どんぴんからりん

昔話、絵本、創作は主に短編の内容を紹介しています。やればやるほど森に迷い込む感じです。(2012.10から)

ぼくはワニのクロッカス

2019年08月09日 | 絵本(外国)

   ぼくはワニのクロッカス/作・ロジャー・デュボアザン 訳・今江 祥智 島 式子/童話館出版/1995年

   

 ワニといえば歯がキザキザで、こわもて。

 古いかしの木にすんでいたワニのクロッカスは、みんなとなかよくやっていけると思っていましたが、みつかると銃でドカンとやられると、小さくなってくらしていました。

 あひるのバーサは、ワニに同情して、お百姓のスイートピーさんのところにつれていきます。

 ところが、スイートピーさんのところの馬や牛、ぶた、にわとり、やぎは大騒ぎ、イヌのココも声がかれるほどほえたてました。

 でも、あひるのバーサのとりなしで、みんなと仲間としてやっていくことに。

 いつかスイートピーさんにもわかってもらえると、みんなで藁でベッドを作り、バーサは食べるものをはこびました。

 スイートピーさんや奥さんが納屋にやってくるときは、すばやくクロッカスを、干し草の中にかくしました。

 ところが、おくさんが納屋にリンゴをとりにきたとき、クロッカスは見つかってしまいます。

 「ワ、ワ、ワニ!」奥さんは、金切り声をあげると一目散にかけだし、すぐにスイートピーさんに報告。スイートピーさんも納屋へと急ぎます。

 その前に、イヌのココがみつけた納屋の下の板をはずして、クロッカスをかくします。

 なんとか、その場をすごしますが、クロッカスは奥さんを驚かしたことにさびしくなりました。

 しかし、バーサから奥さんが花が好きなことをきいて、大好きという気持ちを伝えるため、夜明け前に野の草と真っ白いひなぎくの花束をつくってポーチの小さなテーブルにそっとおいておきます。

 テーブルの花束をみて、奥さんはおおよろこび。でも誰かわかりません。

 クロッカスは、それからも しだにとりまぜて むらさきいろの花束、きいろい花束、紫色の花束を小さなテーブルにはこびます。。

 奥さんは、毎日花束とのであいが たのしみになります。

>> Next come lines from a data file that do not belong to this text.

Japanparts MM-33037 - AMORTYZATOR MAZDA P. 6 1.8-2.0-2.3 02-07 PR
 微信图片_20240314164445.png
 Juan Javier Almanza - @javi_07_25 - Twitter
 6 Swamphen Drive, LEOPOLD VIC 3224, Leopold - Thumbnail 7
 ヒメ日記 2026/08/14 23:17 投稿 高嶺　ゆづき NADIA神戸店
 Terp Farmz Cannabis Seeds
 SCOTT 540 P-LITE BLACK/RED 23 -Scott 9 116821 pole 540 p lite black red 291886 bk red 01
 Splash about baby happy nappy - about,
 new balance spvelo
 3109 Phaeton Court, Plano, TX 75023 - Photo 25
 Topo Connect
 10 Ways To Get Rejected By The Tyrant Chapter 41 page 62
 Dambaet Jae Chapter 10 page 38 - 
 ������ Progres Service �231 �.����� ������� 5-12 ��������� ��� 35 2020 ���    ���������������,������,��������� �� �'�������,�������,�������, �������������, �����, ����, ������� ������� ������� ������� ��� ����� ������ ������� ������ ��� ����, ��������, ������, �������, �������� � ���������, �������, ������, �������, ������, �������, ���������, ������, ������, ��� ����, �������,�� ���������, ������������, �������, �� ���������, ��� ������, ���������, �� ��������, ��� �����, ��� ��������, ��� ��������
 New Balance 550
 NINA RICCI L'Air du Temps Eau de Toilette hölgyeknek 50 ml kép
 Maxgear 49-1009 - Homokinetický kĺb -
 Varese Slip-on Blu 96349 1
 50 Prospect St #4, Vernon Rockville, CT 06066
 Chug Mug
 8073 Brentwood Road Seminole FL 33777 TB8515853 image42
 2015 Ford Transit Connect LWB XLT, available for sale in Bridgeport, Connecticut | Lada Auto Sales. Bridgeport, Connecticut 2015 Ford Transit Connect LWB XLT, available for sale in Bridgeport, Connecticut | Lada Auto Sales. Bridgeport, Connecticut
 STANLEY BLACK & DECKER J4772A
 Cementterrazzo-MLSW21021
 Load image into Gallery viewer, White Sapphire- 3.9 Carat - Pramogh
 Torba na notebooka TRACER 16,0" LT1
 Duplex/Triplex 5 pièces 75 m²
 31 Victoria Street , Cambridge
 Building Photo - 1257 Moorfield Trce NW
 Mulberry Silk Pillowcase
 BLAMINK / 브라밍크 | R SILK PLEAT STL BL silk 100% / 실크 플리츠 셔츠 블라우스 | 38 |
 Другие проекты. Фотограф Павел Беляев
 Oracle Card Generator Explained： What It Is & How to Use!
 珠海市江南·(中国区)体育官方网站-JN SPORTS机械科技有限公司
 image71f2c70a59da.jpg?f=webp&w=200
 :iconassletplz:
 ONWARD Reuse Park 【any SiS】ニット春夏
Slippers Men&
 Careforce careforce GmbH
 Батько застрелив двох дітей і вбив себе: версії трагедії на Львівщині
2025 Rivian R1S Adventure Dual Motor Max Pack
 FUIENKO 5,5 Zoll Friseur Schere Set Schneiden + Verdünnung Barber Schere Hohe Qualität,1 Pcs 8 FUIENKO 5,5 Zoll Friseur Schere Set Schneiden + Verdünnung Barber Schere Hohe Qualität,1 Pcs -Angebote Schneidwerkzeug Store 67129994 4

でも、だれが?

 次の日、まだ暗いうちからポーチのどあにかくれて ようすをうかがっていました。

 花束がワニのものだと知った奥さんは、「なんて こころやさしいワニ くんだろう」と花束のお礼を いいました。

 それからは花壇の手入れは、奥さん、クロッカス、バーサのしごとになりました。

 

 やさしい動物やお花もたくさん出てきて、とても楽しそうな一家でした。

 クロッカス、スイートピーはいずれも花の名前。

 後半の展開をみると、名前が花の名前だったことに、うまく結びついていました。

 落ち着いた色合いの絵も趣があって素敵でした。